Con le giacchette azzurre sopra le felpe, Billie Jean King e la Billie Jean King Cup ci eravamo lasciate un mercoledì di novembre 2024, in un piccolo stadio temporaneo eretto a Malaga per l’occasione. Non molto lontano, in un palazzetto che ha un nome, si giocava la Coppa Davis – anche quella vinta dall’Italia quattro giorni dopo, di domenica. Le nostre avevano trionfato contro la Slovacchia di Rebecca Šramková, e conquistato la quinta e insperata BJK cup.

«Questo sarebbe proprio il momento giusto per lasciare perché più di così non so cosa desiderare», aveva dichiarato Tathiana Garbin ai microfoni di SuperTennis, coperta dalle proteste delle giocatrici. Garbin aveva assunto il ruolo di capitana della Nazionale nel 2017, nel mezzo di un ricambio generazionale brutale. Dal 2006 al 2013 le tenniste italiane avevano conquistato quattro vittorie in cinque finali. Nella nostra storia tennistica, non c’era mai stato niente del genere prima e sembrava che non ci sarebbe stato nemmeno in futuro. Nel 2017, a soli quattro anni dall’ultima vittoria di BJK cup, la squadra era scivolata in serie C e i sogni di gloria erano lontanissimi. Il futuro, che per noi si è già compiuto un anno fa, era inimmaginabile e soprattutto irripetibile.

“Vincere è difficile, ma confermarsi lo è molto di più”, è uno di quegli assunti che vanno molto di moda tra sportivi e allenatori. Una di quelle frasi talmente vere da essere diventata luogo comune, quindi banale. Vale la pena ripeterla in ogni caso: le imprese creano aspettative roboanti che è sano ridimensionare, anche perché non si può vincere sempre – secondo, importante e orrendo luogo comune. Vale altrettanto la pena ripeterla perché quando l’impresa riesce, è una testimonianza di grandezza incontrovertibile.

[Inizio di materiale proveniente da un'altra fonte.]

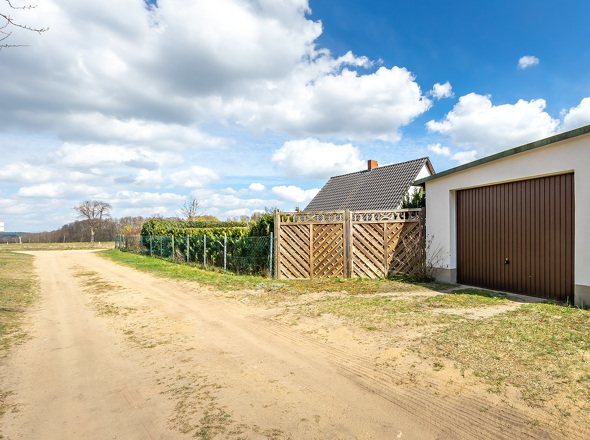 Garagenzufahrt über Privatstraße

Quest’anno, come lo scorso e quello prima ancora, non partivano con i favori del pronostico. Da tempo si parla del fenomeno Italia nel mondo del tennis. Secondo un articolo dell’Athletic uscito a maggio in occasione degli Internazionali di Roma, “quando i leader della U.S. Tennis Association (USTA) si sono imbarcati nella riorganizzazione del suo sistema di sviluppo, hanno messo la Federazione Italiana Tennis sotto al microscopio per provare a capire gli ingredienti”. Il pezzo fa uno sforzo per parlare di ATP e WTA insieme come di un unico fenomeno. Cita i nove italiani nella top 100 ATP e le tre nella top 100 WTA. Nel 2015, quando era già finito da due anni il dominio in BJK cup, tre italiane erano in top 20 WTA (Flavia Pennetta, Roberta Vinci, Sara Errani), per altrettante statunitensi (Serena Williams, Venus Williams, Madison Keys). Oggi, le americane in top 20 sono cinque, quattro delle quali tra le migliori dieci. In tutti e quattro gli slam della stagione c’era un’americana in finale: Madison Keys, Coco Gauff, Amanda Anisimova (due volte).

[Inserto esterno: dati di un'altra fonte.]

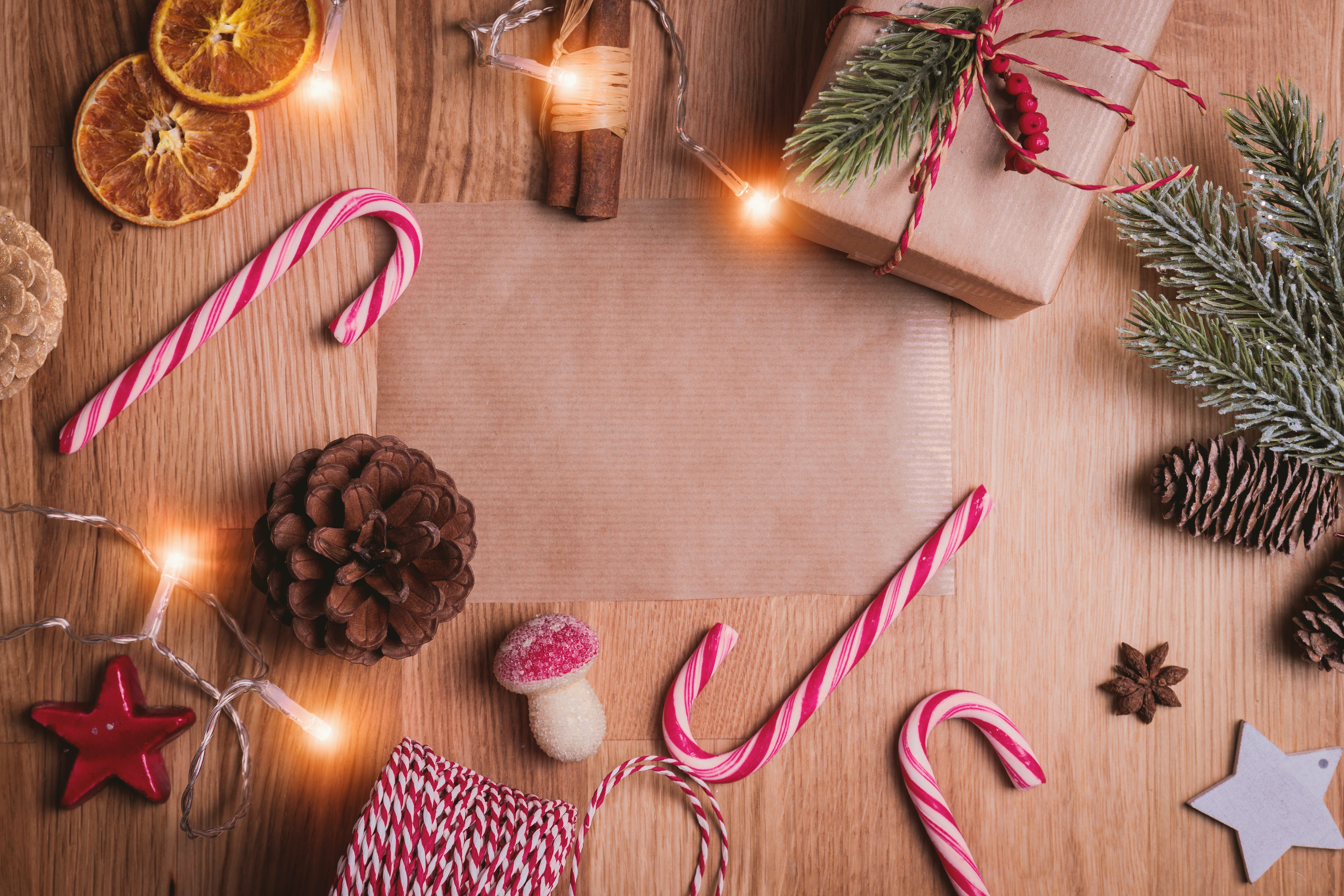 Handy-Wallpaper Feiertage, Dekoration, Weihnachten, Geschenk, Süßwaren, Tannenzapfen, Kasten kostenlos herunterladen.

Il nostro non è il movimento più profondo, né quello che ha il maggior numero di singole campionesse. Ci sono squadre più forti, almeno sulla carta, della nostra. Se a Malaga l’ostacolo più pericoloso era stato la Polonia di Iga Świątek in semifinale, a Shenzhen – forse complice anche il periodo e la location più comoda per i tornei in Asia orientale – le formazioni schierate erano molto più insidiose. Dei tre tie disputati, partivamo da favorite solo contro le cinesi orfane di Qinwen Zheng (ferma da qualche mese per un intervento al gomito), ma più abituate a fuso orario, condizioni di gioco e sostenute da migliaia di tifosi. Il 2-0 con cui si è concluso il tie dei quarti di finale non restituisce la misura della fatica di Cocciaretto e Paolini, costrette a rimonte rocambolesche che non lasciavano buone sensazioni per il futuro. Eppure, eccole ancora lì, con le giacchette azzurre sopra le felpe bianche e la coppa tra le mani, passando sopra l’Ucraina di Marta Kostyuk (28 al mondo) e Elina Svitolina (13 e imbattuta fino a quel momento contro Paolini) e poi proprio gli Stati Uniti, che non arrivavano con la migliore squadra possibile, ma quasi con Emma Navarro (18 del ranking), Jessica Pegula (7 e ottima doppista) e Taylor Townsend (numero 2 di doppio).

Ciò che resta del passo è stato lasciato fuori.